[PROBLEM TO SOLVE]
Leaving out the pictures, print exactly the lines from the one holding "A bedroom with" to the last line of the entries below, both included, and nothing more.

Start of SUPPLIED RECORDS

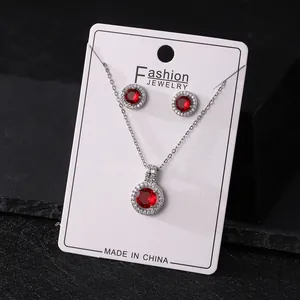 Elegant copper jewelry set featuring round red zircon necklace and stud earrings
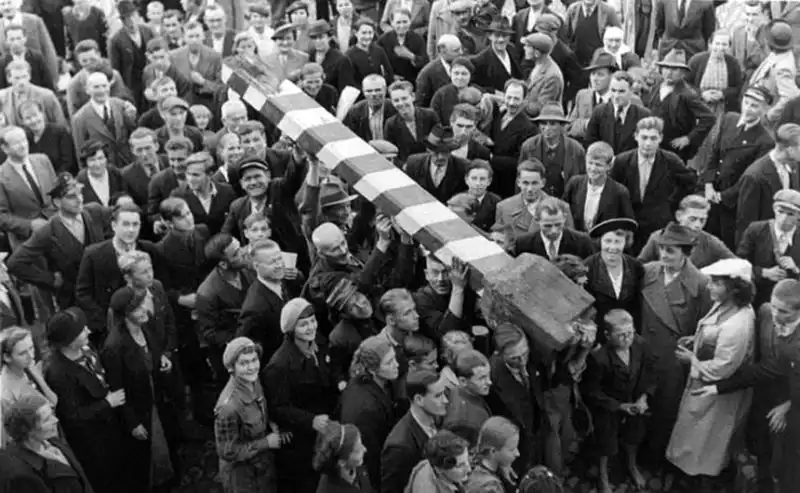 Black and white historical photo showing a dense crowd of people carrying a striped border pole on their shoulders in triumph during October 1938.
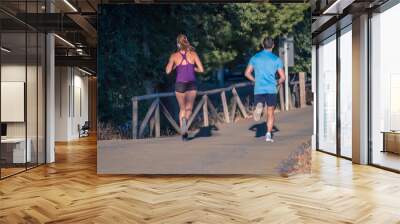 Young couple running in the park Wall mural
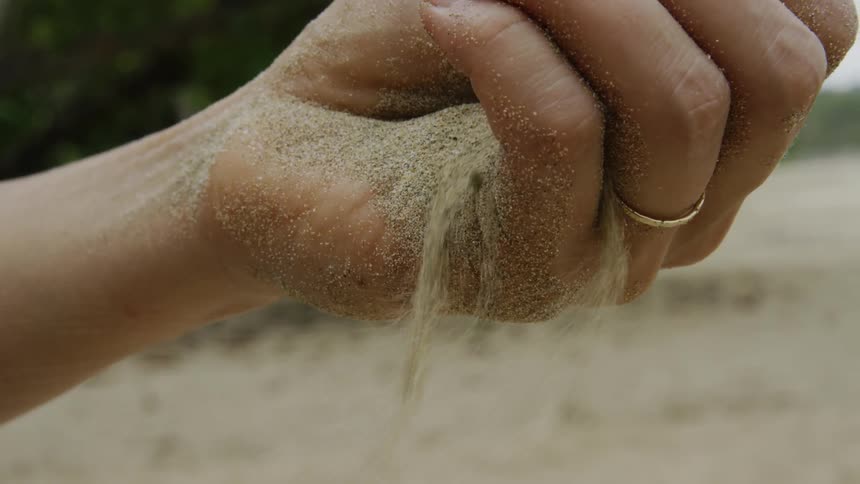 Sand sifts through a hand on a beach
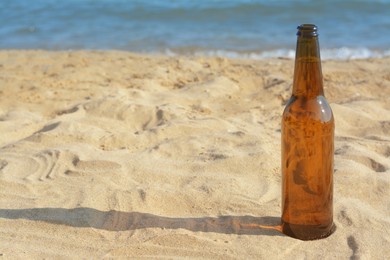 Photo of Bottle of beer on sandy beach near sea. Space for text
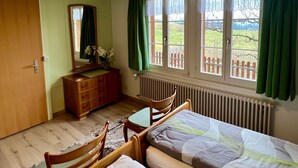 A bedroom with a bed, a dresser, a mirror, and a window with curtains. - Chalet Hulda by Interhome (Heimenschwand)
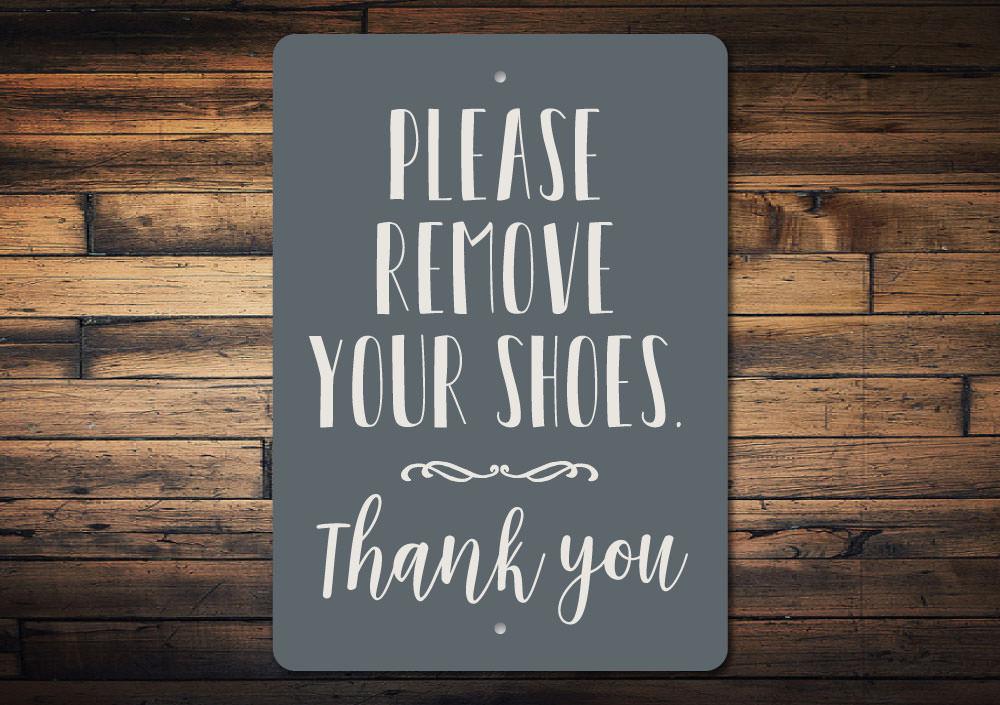 A decorative Remove Shoes Sign made of durable aluminum, featuring customizable text options, ideal for entryways.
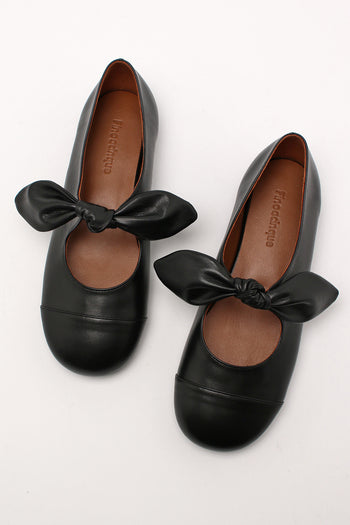 Finoacinque Lina Ribbon Maryjane black flat shoes with ribbon details and rounded toe, shown from a side angle.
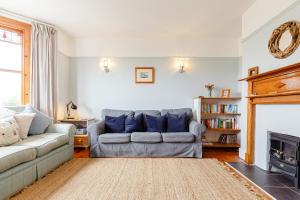 a living room with a couch and a fireplace at Wisteria in St Austell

End of SUPPLIED RECORDS

[YOUR SOLUTION]
 A bedroom with a bed, a dresser, a mirror, and a window with curtains. - Chalet Hulda by Interhome (Heimenschwand)
 A decorative Remove Shoes Sign made of durable aluminum, featuring customizable text options, ideal for entryways.
 Finoacinque Lina Ribbon Maryjane black flat shoes with ribbon details and rounded toe, shown from a side angle.
 a living room with a couch and a fireplace at Wisteria in St Austell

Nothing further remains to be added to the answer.